[DATA SEGMENT — start]

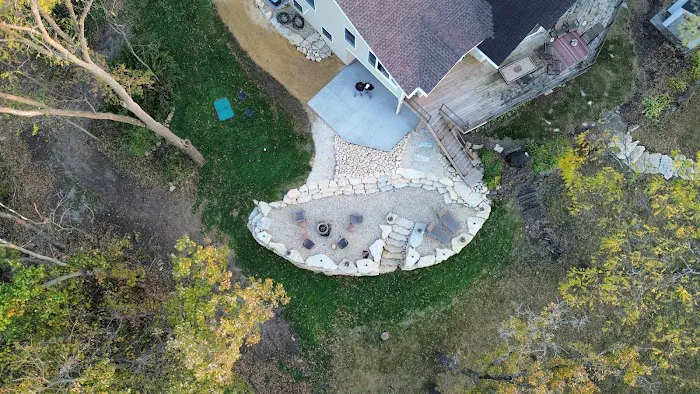 CustomCrete Stoneworks Picture 1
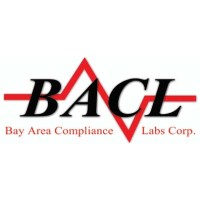 Bay Area Compliance Laboratories, Corp. Logo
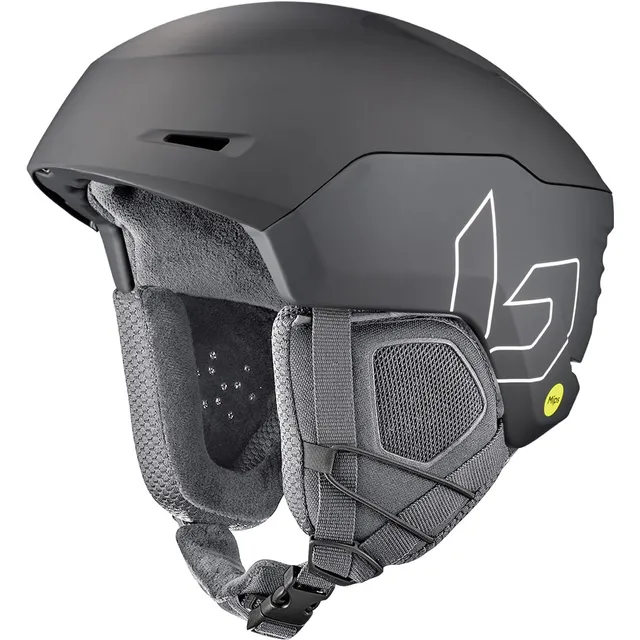 boll-ryft-pure-mips-skihelm-schwarz-s-52-55-cm image 1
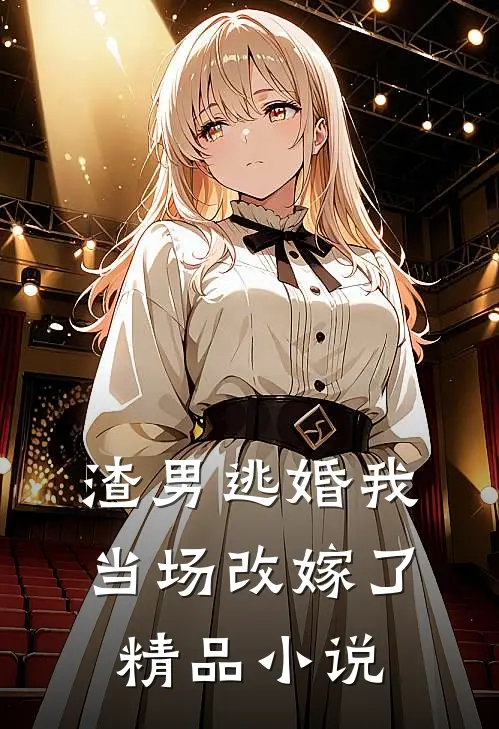 渣男逃婚我当场改嫁了精品小说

[DATA SEGMENT — finish]

● THE TASK
Write the material above out again exactly. Omit every image.

● WRITTEN SOLUTION
 CustomCrete Stoneworks Picture 1
 Bay Area Compliance Laboratories, Corp. Logo
 boll-ryft-pure-mips-skihelm-schwarz-s-52-55-cm image 1
 渣男逃婚我当场改嫁了精品小说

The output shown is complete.